### PROVIDED DATA
+ + + +
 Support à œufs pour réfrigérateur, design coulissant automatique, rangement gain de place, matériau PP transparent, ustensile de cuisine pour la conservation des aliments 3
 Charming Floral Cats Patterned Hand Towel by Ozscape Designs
+ + + +
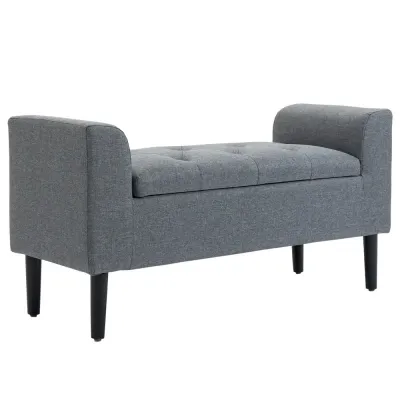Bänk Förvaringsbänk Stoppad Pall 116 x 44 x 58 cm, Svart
+ + + +
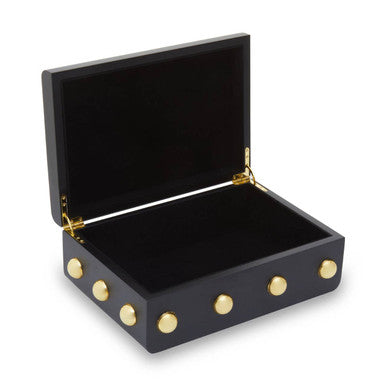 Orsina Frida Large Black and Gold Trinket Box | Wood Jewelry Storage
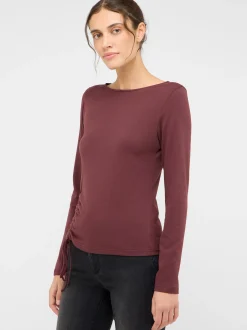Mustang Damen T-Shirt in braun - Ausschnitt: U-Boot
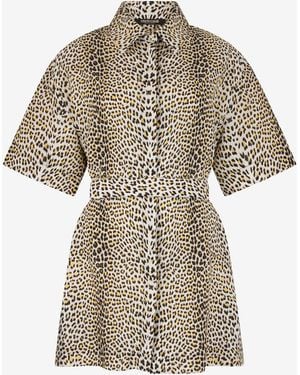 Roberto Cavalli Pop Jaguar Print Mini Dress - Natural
+ + + +
### HOW TO COMPLETE THIS TASK
Would you retype the lines above from the one with "Support à œufs" down to the one with "Charming Floral Cats", word for word, both ends included and no other lines?

### SOLUTION
 Support à œufs pour réfrigérateur, design coulissant automatique, rangement gain de place, matériau PP transparent, ustensile de cuisine pour la conservation des aliments 3
 Charming Floral Cats Patterned Hand Towel by Ozscape Designs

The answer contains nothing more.